You are viewing a plain text version of this content. The canonical link for it is here.
Posted to dev@lucene.apache.org by "Kelly Kagen (JIRA)" <ji...@apache.org> on 2015/11/03 23:20:28 UTC
[jira] [Commented] (SOLR-6304) Transforming and Indexing custom JSON data

    [ https://issues.apache.org/jira/browse/SOLR-6304?page=com.atlassian.jira.plugin.system.issuetabpanels:comment-tabpanel&focusedCommentId=14988279#comment-14988279 ] 

Kelly Kagen commented on SOLR-6304:
-----------------------------------

I'm having some difficulty while indexing custom JSON data using v5.3.1. I took the same example from the documentation, but it doesn't seem to be working as expected. Can someone validate if this is a bug or there's an issue with the procedure followed?

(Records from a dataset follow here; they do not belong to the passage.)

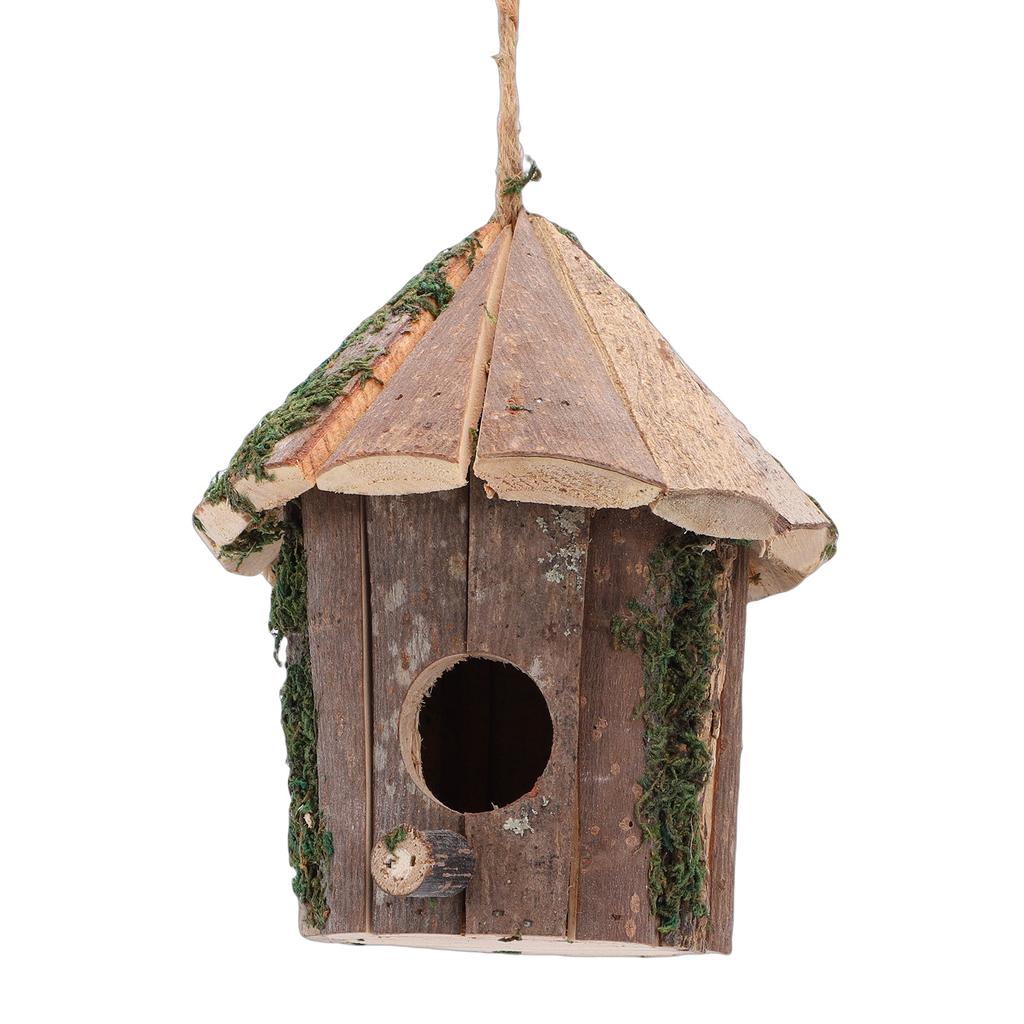 Wooden Bird House Decorative   Birdhouse with   Guard for Outdoor Courtyard Backyard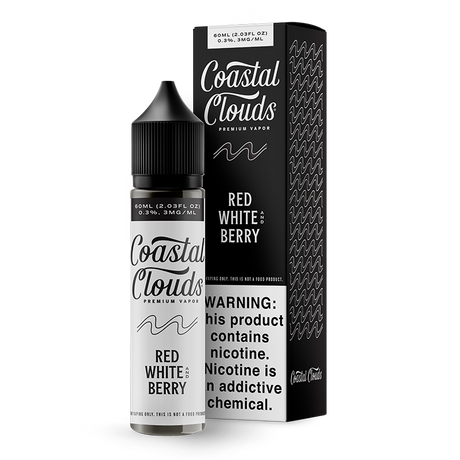 Coastal Clouds Red White and Berry 60ML – Cherry Citrus Blue Raspberry Vape Juice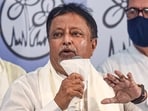 In this 2021 photo, Mukul Roy at an event where he joined the TMC after leaving the BJP, in Kolkata. He was elected MLA on a BJP ticket in the 2021 election. 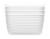 Everyday Living Ribbed Medium Bins - White Perspective: front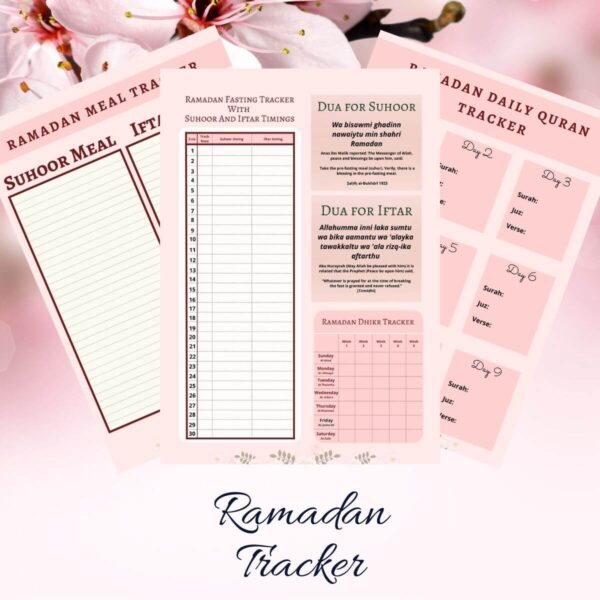 Ramadan tracker & planner
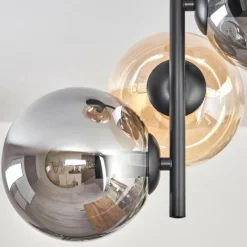 hofstein Plafonnier - Verre 15 cm Gastor Ambre, Fumé, 4 lumières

The below are the scenarios.

Source: [Indexing custom JSON data|http://lucidworks.com/blog/2014/08/12/indexing-custom-json-data], [Transforming and Indexing Custom JSON|https://cwiki.apache.org/confluence/display/solr/Uploading+Data+with+Index+Handlers#UploadingDatawithIndexHandlers-TransformingandIndexingCustomJSON]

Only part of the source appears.